EXERCISE OBJECTIVE: Would you print the records below without changing anything?

━━━━━ DATA SHOWN

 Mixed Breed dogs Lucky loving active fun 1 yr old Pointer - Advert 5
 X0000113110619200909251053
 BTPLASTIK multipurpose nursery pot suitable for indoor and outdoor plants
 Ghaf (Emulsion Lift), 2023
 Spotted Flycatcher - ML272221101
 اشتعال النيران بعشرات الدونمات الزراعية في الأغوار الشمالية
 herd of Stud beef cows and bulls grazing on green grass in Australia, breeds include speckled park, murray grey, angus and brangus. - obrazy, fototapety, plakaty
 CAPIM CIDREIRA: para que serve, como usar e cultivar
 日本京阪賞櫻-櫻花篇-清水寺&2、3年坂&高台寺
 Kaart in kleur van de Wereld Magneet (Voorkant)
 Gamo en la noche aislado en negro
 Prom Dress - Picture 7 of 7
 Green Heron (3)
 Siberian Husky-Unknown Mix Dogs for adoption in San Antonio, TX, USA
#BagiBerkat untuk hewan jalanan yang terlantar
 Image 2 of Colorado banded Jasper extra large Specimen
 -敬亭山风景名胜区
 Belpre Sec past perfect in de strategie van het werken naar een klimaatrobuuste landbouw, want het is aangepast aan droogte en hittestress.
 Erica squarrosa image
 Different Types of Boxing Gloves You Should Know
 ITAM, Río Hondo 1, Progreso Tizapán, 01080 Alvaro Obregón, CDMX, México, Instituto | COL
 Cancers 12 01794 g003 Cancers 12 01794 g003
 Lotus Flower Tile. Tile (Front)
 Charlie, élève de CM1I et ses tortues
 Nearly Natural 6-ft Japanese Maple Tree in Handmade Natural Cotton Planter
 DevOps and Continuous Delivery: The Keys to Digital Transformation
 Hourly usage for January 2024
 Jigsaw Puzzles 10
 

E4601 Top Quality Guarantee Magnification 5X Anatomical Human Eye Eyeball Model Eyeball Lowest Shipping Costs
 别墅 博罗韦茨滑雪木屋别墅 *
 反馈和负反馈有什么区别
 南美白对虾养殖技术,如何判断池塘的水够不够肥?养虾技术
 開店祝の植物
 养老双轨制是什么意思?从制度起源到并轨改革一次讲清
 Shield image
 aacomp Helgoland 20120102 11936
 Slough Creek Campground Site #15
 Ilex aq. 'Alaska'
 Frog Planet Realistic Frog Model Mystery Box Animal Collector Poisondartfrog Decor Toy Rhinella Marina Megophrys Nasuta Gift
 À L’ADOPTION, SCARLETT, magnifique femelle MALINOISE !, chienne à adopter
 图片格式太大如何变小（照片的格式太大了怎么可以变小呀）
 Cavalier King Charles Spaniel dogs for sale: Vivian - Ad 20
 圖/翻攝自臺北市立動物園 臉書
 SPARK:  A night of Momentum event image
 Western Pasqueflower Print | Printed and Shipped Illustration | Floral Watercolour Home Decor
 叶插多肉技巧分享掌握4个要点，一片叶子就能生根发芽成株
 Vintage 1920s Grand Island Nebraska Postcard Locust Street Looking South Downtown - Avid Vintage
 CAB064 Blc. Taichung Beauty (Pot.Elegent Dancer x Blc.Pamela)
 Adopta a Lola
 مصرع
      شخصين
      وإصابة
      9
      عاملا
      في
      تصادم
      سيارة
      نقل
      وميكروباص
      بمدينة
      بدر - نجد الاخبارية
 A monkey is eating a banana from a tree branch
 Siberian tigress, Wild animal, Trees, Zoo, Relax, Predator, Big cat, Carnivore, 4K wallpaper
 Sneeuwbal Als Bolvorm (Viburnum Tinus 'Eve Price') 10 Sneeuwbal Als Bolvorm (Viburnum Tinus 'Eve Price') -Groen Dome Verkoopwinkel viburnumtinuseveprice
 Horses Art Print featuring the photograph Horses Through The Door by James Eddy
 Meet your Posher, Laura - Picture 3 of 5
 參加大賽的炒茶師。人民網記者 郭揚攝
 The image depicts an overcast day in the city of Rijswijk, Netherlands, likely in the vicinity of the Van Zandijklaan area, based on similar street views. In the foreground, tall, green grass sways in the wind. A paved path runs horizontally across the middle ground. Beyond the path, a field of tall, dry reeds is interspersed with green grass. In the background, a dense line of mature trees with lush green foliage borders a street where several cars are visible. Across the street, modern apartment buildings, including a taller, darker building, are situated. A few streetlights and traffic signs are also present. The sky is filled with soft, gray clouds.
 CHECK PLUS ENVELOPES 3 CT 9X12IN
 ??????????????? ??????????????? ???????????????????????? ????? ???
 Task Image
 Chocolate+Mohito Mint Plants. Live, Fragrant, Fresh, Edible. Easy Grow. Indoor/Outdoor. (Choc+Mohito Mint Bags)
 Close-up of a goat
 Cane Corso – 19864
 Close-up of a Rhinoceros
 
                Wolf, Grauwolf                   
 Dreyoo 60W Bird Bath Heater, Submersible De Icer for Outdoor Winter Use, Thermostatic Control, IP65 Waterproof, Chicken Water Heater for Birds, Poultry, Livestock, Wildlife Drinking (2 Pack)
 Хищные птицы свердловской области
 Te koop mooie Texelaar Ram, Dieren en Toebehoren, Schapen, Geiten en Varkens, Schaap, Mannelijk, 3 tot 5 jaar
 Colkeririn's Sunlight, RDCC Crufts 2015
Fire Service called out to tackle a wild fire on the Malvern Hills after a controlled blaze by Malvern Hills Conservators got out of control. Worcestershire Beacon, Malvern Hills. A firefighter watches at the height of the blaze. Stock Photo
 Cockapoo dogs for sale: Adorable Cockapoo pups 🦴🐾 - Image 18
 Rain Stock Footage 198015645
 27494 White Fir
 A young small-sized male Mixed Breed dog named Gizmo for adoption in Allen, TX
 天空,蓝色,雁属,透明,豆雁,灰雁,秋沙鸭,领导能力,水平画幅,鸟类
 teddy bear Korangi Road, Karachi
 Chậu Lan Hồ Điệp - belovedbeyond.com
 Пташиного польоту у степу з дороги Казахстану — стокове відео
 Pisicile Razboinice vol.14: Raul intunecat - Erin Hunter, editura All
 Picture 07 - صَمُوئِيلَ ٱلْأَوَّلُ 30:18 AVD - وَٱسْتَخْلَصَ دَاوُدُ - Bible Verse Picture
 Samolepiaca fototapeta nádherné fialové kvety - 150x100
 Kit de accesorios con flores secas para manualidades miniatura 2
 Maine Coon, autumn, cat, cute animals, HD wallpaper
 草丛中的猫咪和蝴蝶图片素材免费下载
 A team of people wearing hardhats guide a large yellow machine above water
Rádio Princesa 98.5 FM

━━━━━━━━━━

EXPECTED OUTPUT:
 Mixed Breed dogs Lucky loving active fun 1 yr old Pointer - Advert 5
 X0000113110619200909251053
 BTPLASTIK multipurpose nursery pot suitable for indoor and outdoor plants
 Ghaf (Emulsion Lift), 2023
 Spotted Flycatcher - ML272221101
 اشتعال النيران بعشرات الدونمات الزراعية في الأغوار الشمالية
 herd of Stud beef cows and bulls grazing on green grass in Australia, breeds include speckled park, murray grey, angus and brangus. - obrazy, fototapety, plakaty
 CAPIM CIDREIRA: para que serve, como usar e cultivar
 日本京阪賞櫻-櫻花篇-清水寺&2、3年坂&高台寺
 Kaart in kleur van de Wereld Magneet (Voorkant)
 Gamo en la noche aislado en negro
 Prom Dress - Picture 7 of 7
 Green Heron (3)
 Siberian Husky-Unknown Mix Dogs for adoption in San Antonio, TX, USA
#BagiBerkat untuk hewan jalanan yang terlantar
 Image 2 of Colorado banded Jasper extra large Specimen
 -敬亭山风景名胜区
 Belpre Sec past perfect in de strategie van het werken naar een klimaatrobuuste landbouw, want het is aangepast aan droogte en hittestress.
 Erica squarrosa image
 Different Types of Boxing Gloves You Should Know
 ITAM, Río Hondo 1, Progreso Tizapán, 01080 Alvaro Obregón, CDMX, México, Instituto | COL
 Cancers 12 01794 g003 Cancers 12 01794 g003
 Lotus Flower Tile. Tile (Front)
 Charlie, élève de CM1I et ses tortues
 Nearly Natural 6-ft Japanese Maple Tree in Handmade Natural Cotton Planter
 DevOps and Continuous Delivery: The Keys to Digital Transformation
 Hourly usage for January 2024
 Jigsaw Puzzles 10
 

E4601 Top Quality Guarantee Magnification 5X Anatomical Human Eye Eyeball Model Eyeball Lowest Shipping Costs
 别墅 博罗韦茨滑雪木屋别墅 *
 反馈和负反馈有什么区别
 南美白对虾养殖技术,如何判断池塘的水够不够肥?养虾技术
 開店祝の植物
 养老双轨制是什么意思?从制度起源到并轨改革一次讲清
 Shield image
 aacomp Helgoland 20120102 11936
 Slough Creek Campground Site #15
 Ilex aq. 'Alaska'
 Frog Planet Realistic Frog Model Mystery Box Animal Collector Poisondartfrog Decor Toy Rhinella Marina Megophrys Nasuta Gift
 À L’ADOPTION, SCARLETT, magnifique femelle MALINOISE !, chienne à adopter
 图片格式太大如何变小（照片的格式太大了怎么可以变小呀）
 Cavalier King Charles Spaniel dogs for sale: Vivian - Ad 20
 圖/翻攝自臺北市立動物園 臉書
 SPARK:  A night of Momentum event image
 Western Pasqueflower Print | Printed and Shipped Illustration | Floral Watercolour Home Decor
 叶插多肉技巧分享掌握4个要点，一片叶子就能生根发芽成株
 Vintage 1920s Grand Island Nebraska Postcard Locust Street Looking South Downtown - Avid Vintage
 CAB064 Blc. Taichung Beauty (Pot.Elegent Dancer x Blc.Pamela)
 Adopta a Lola
 مصرع
      شخصين
      وإصابة
      9
      عاملا
      في
      تصادم
      سيارة
      نقل
      وميكروباص
      بمدينة
      بدر - نجد الاخبارية
 A monkey is eating a banana from a tree branch
 Siberian tigress, Wild animal, Trees, Zoo, Relax, Predator, Big cat, Carnivore, 4K wallpaper
 Sneeuwbal Als Bolvorm (Viburnum Tinus 'Eve Price') 10 Sneeuwbal Als Bolvorm (Viburnum Tinus 'Eve Price') -Groen Dome Verkoopwinkel viburnumtinuseveprice
 Horses Art Print featuring the photograph Horses Through The Door by James Eddy
 Meet your Posher, Laura - Picture 3 of 5
 參加大賽的炒茶師。人民網記者 郭揚攝
 The image depicts an overcast day in the city of Rijswijk, Netherlands, likely in the vicinity of the Van Zandijklaan area, based on similar street views. In the foreground, tall, green grass sways in the wind. A paved path runs horizontally across the middle ground. Beyond the path, a field of tall, dry reeds is interspersed with green grass. In the background, a dense line of mature trees with lush green foliage borders a street where several cars are visible. Across the street, modern apartment buildings, including a taller, darker building, are situated. A few streetlights and traffic signs are also present. The sky is filled with soft, gray clouds.
 CHECK PLUS ENVELOPES 3 CT 9X12IN
 ??????????????? ??????????????? ???????????????????????? ????? ???
 Task Image
 Chocolate+Mohito Mint Plants. Live, Fragrant, Fresh, Edible. Easy Grow. Indoor/Outdoor. (Choc+Mohito Mint Bags)
 Close-up of a goat
 Cane Corso – 19864
 Close-up of a Rhinoceros
 
                Wolf, Grauwolf                   
 Dreyoo 60W Bird Bath Heater, Submersible De Icer for Outdoor Winter Use, Thermostatic Control, IP65 Waterproof, Chicken Water Heater for Birds, Poultry, Livestock, Wildlife Drinking (2 Pack)
 Хищные птицы свердловской области
 Te koop mooie Texelaar Ram, Dieren en Toebehoren, Schapen, Geiten en Varkens, Schaap, Mannelijk, 3 tot 5 jaar
 Colkeririn's Sunlight, RDCC Crufts 2015
Fire Service called out to tackle a wild fire on the Malvern Hills after a controlled blaze by Malvern Hills Conservators got out of control. Worcestershire Beacon, Malvern Hills. A firefighter watches at the height of the blaze. Stock Photo
 Cockapoo dogs for sale: Adorable Cockapoo pups 🦴🐾 - Image 18
 Rain Stock Footage 198015645
 27494 White Fir
 A young small-sized male Mixed Breed dog named Gizmo for adoption in Allen, TX
 天空,蓝色,雁属,透明,豆雁,灰雁,秋沙鸭,领导能力,水平画幅,鸟类
 teddy bear Korangi Road, Karachi
 Chậu Lan Hồ Điệp - belovedbeyond.com
 Пташиного польоту у степу з дороги Казахстану — стокове відео
 Pisicile Razboinice vol.14: Raul intunecat - Erin Hunter, editura All
 Picture 07 - صَمُوئِيلَ ٱلْأَوَّلُ 30:18 AVD - وَٱسْتَخْلَصَ دَاوُدُ - Bible Verse Picture
 Samolepiaca fototapeta nádherné fialové kvety - 150x100
 Kit de accesorios con flores secas para manualidades miniatura 2
 Maine Coon, autumn, cat, cute animals, HD wallpaper
 草丛中的猫咪和蝴蝶图片素材免费下载
 A team of people wearing hardhats guide a large yellow machine above water
Rádio Princesa 98.5 FM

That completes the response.